De hecho, empezaba a estar asustada. Iba a ser una mujer igual que su madre…
—¿Qué me respondes, querida?
—No… no sé qué decirte, Geoffrey. —La proximidad de Geoffrey le resultaba extraña. En cierto modo la aturdía, pero al mismo tiempo era desagradable. El aturdimiento no se debía al hecho de que fuera un hombre, sino sencillamente a que era otro ser humano. Mona no estaba acostumbrada al contacto físico con otras personas. Su padre nunca la había abrazado, y su madre sólo lo hacía en raras ocasiones; quedaban la tía Grace y su hermano, Arthur, las únicas personas cuyo cuerpo había sentido alguna vez. Ahora sentía el de Geoffrey. Y no sabía si le gustaba o no—. Necesito tiempo —dijo, muy consciente de que los mozos se llevaban los caballos, de que otros trabajadores volvían a esparcir la hierba, de que el día se estaba haciendo luminoso, de que David Mathenge la estaba observando.
De pronto se sintió molesta con David, el chico que años antes había discutido con ella sobre de quién era realmente el país, que la había contemplado con ojos tristes cuando estaba acostada en la choza de su madre, recuperándose de las heridas sufridas en el incendio. De repente David Mathenge representó todos los problemas de Mona; simbolizó la fuente de toda su desdicha. No había tenido por qué presentarse en la choza de cirugía aquella noche, con la consecuencia de que Mona había sufrido heridas graves en el incendio y ahora tenía cicatrices muy feas que le impedían ir en bañador y le hacían temer que repugnasen a cualquier amante que tuviera. Él, David, era la raíz de su infelicidad: David Mathenge, que siempre se mostraba tan orgulloso cuando seguramente no tenía en el mundo nada de qué enorgullecerse.
Se separó bruscamente de Geoffrey y, apoyando las manos en las caderas, espetó:
—¿Se puede saber qué estás mirando?
Geoffrey se volvió.
—¿Todavía está ahí? Lo echaré.
—No, Yo me encargo de echarle. Es uno de los nuestros. —Mona se acercó a la valla y dijo—: ¿Deseabas hablar con nosotros?
—No —dijo David, tranquilamente.
—¿No, qué? —dijo Geoffrey, acercándose—. Un poco más de respeto, chico.
—No, memsaab Mdogo.
Mona inclinó la cabeza.
—Entonces, ¿no deberías volver a tu trabajo?
Los dos pares de ojos se cruzaron y algo frío y amenazador pasó entre ellos.
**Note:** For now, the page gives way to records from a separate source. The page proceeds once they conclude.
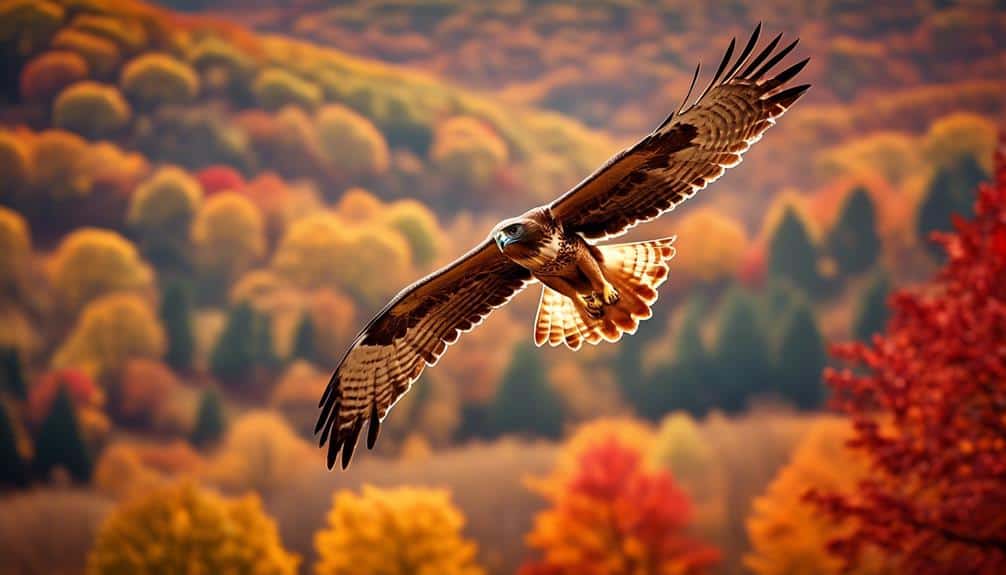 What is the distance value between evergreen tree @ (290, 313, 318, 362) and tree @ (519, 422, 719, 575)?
5.90 meters

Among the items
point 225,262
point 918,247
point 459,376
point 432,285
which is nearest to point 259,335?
point 225,262

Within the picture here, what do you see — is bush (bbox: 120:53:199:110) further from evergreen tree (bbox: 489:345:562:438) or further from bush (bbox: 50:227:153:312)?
evergreen tree (bbox: 489:345:562:438)

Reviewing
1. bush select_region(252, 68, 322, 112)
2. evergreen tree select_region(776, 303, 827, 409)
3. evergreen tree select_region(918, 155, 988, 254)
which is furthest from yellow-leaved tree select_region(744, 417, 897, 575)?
bush select_region(252, 68, 322, 112)

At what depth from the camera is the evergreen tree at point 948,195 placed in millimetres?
25172

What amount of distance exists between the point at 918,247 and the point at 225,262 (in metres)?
15.5

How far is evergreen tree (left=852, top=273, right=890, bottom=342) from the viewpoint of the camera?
2372 cm

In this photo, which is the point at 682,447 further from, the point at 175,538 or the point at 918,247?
the point at 175,538

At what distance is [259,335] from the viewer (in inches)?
912

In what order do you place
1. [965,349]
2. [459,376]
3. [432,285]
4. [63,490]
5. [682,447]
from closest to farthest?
[432,285], [965,349], [63,490], [682,447], [459,376]

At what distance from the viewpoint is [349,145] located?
1038 inches

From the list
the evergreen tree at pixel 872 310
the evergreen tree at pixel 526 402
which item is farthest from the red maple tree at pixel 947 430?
the evergreen tree at pixel 872 310

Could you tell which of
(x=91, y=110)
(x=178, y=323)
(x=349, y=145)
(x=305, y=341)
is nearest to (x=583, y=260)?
(x=305, y=341)

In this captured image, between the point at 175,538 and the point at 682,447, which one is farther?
the point at 682,447

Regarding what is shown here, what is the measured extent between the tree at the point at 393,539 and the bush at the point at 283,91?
39.3ft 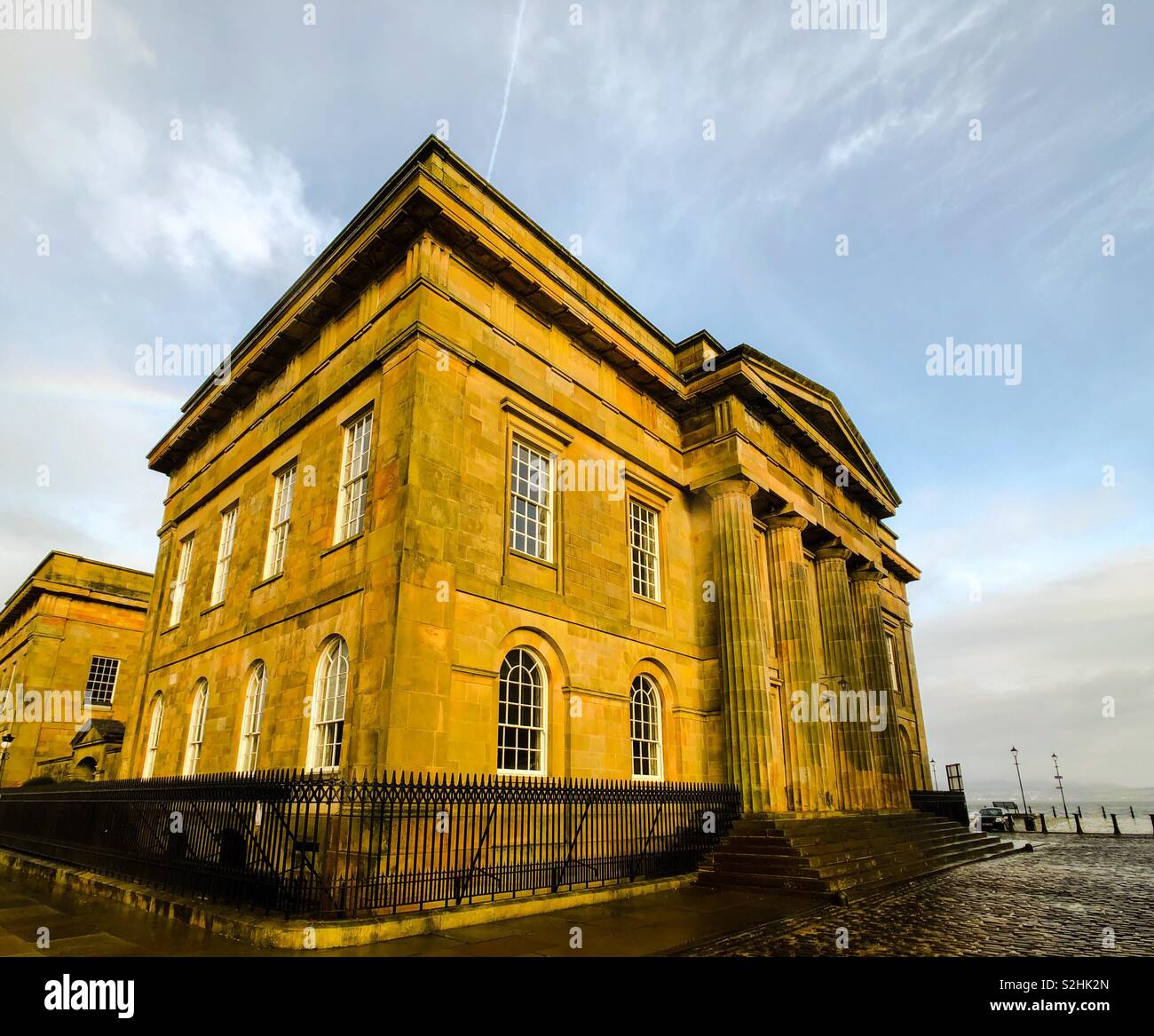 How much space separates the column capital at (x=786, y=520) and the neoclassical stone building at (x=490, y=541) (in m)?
0.08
Luego el chico dijo:
—Sí, memsaab Mdogo. —Y empezó a retroceder.
—¡Qué insolencia! —musitó Geoffrey—. Si quieres que te diga, tiene cara de agitador. Hablaré con tu padre. Ese chico no debería continuar trabajando aquí.
Mientras se alejaban de la valla, Mona miró por encima del hombro y vio que David había vuelto a detenerse y los miraba fijamente. Sintió un escalofrío por todo el cuerpo. Había algo en sus ojos…
Buscó la mano de Geoffrey y la apretó con fuerza.
David se quedó observando cómo se iban. Pensaba en el suelo que aquellos pies blancos pisaban. Era el lugar que su madre le había enseñado muchas veces; mucho tiempo atrás había allí una higuera sagrada. David juró algo a sus antepasados: un día se plantaría otra higuera en el lugar que ahora pisaban los wazungu.